Egos revueltos. ¡El título de su libro prometía más cotilleo y más ajustes de cuentas!
–Es que no estoy dotado para eso y no me
siento cómodo. Hay una frase en El gran Gatsby que refleja bien
mi intención: «Siempre que quieras criticar a alguien, solo recuerda que
todas las personas en este mundo no han tenido las ventajas que has
tenido tú».
–Por eso excepto Marina Castaño, viuda de Cela, apenas nadie se le va a ofender.
–No crea. Sí que hay gente que
se ha enfadado, pero mi intención no era crear malentendidos, sino más
bien deshacerlos.
–¿Conocer a los escritores en zapatillas destruye el encanto inicial de su lectura?
–No siempre. Los
escritores son como sus libros. Charlar con un impertérrito Vargas Llosa
sobre Picasso en una playa de Perú rodeado de insectos, eso es Zavalita
[el de Conversación en La Catedral], rodeado de peligros en
Lima. Delibes cabreado es Delibes y Borges cantando en islandés
en un restaurante de Madrid no hace más que lo que se espera de él.
–Comprende usted muy bien todos esos egos tan bien constituidos.
–Es que
los he querido mucho.
–¿Incluso a Cela? Ese plusmarquista de la egolatría.
–Es uno de los egos más grandes, sí. Pero no el
único. Octavio Paz, por ejemplo, tenía un ego equiparable.
–Pero es difícil imaginar a Paz partiéndose de risa en un avión leyendo uno de sus propios libros como sí hizo Cela.
–¿Y qué le parece
corregir palabra a palabra una entrevista que yo le hice a su mujer? Esa
anécdota compite con la de aquel escritor cuyo nombre está en el libro,
pero a quien no quiero señalar, cuya mujer manda una notita a los
contertulios de una velada diciendo: «Llevan ustedes media hora
hablando, y como no han dicho nada de mi marido, él se está
deprimiendo».
–Es Pablo Neruda. ¿Por qué no quiere decirlo?
–Porque
cuando cuentas las cosas en los libros, como hay más contexto, se
entienden mejor.
–El libro, con tanto muerto convocado, tiene también un perfume melancólico de fin de época.
–Lo escribí
entre el 2008 y el 2009, unos años devastadores. Murieron, entre otros,
Rafael Azcona, Ángel González, Mario Benedetti. Simbólicamente, fue la
despedida a un tiempo. El libro es como un abrazo que lamenta la
pérdida, pero agradece el resplandor.
–También es una memoria anegada en alcohol.
–Entonces bebíamos mucho y en algún caso
nos drogábamos con hachís.
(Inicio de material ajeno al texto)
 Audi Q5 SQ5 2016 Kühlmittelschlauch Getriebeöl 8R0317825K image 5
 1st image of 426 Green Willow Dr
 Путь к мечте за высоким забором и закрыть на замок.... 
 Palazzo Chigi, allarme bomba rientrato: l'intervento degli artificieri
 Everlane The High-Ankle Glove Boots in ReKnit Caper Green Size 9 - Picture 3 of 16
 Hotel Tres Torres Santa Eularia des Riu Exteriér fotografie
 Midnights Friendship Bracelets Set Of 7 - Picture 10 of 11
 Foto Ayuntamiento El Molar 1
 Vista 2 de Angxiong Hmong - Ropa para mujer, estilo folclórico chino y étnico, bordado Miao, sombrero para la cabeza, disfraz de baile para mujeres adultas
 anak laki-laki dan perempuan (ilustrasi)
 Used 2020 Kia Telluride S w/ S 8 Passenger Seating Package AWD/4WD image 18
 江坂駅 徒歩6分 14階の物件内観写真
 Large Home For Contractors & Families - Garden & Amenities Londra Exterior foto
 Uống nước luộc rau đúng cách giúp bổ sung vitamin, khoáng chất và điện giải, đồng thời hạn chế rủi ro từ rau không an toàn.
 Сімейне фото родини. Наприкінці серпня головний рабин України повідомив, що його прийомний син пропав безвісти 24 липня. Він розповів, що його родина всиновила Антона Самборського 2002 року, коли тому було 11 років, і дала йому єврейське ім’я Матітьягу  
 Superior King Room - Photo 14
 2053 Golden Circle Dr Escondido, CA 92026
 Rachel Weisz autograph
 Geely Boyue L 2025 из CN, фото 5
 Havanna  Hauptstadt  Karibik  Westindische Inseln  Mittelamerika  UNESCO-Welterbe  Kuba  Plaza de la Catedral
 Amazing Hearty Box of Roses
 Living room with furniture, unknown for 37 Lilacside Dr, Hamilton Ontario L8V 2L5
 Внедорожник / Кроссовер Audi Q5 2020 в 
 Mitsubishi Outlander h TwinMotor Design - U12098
Como editor acompañé a muchos escritores
hasta el último segundo de su último whisky. Con Ángel González,
Caballero Bonald, Sabina o Javier Rioyo... Recuerdo aquellos tiempos
como una época de alcohol, alegría y noche. No sé de dónde sacaba tanta
energía.
–«El día que no recordé el teléfono de mi madre dije hasta aquí hemos llegado», confiesa sin pudor.
–Ahí me empecé a
curar. Espero que sea una enseñanza para los acompañantes de
escritores.
–¿El alcohol sigue siendo la gasolina de la literatura?
–Eso se ha aminorado. Los escritores son ahora más
profesionales. Pero, en fin... Yo no sé qué grado de inseguridad tiene
los abogados y los carniceros, pero si tuvieran el mismo que los
escritores, beberían tanto como ellos.
–¿Cómo mantiene un periodista la distancia frente al autor cuando se ha sido editor?
–Un
periodista puede ser editor y es bueno que tenga esa experiencia. La
diferencia entre ambos trabajos es que el editor no puede hacer su
trabajo desde el cinismo –que en el caso del periodista es una
decisión–, porque en cierta forma es el coautor de la obra del escritor.
–¿En ese revoltijo de egos reconoce el suyo?
–Yo
tengo un ego instantáneo, de usar y tirar. Fui un niño asmático y me
acostumbré a ver el mundo desde la cama, y a veces tengo la sensación de
continuar allí. De todas maneras, el periodismo me ha quitado la pasión
de quererme.
–¿De quererse o de creerse?
–Ambas. El
otro día en un chat alguien me dijo que ya era hora de que me bajara del
pedestal. Si la gente supiera la consideración que yo tengo de mí
mismo, quizá no me querrían más, pero me entenderían mejor. Porque yo no
tengo una alta consideración de mí mismo, yo me siento muy defectuoso.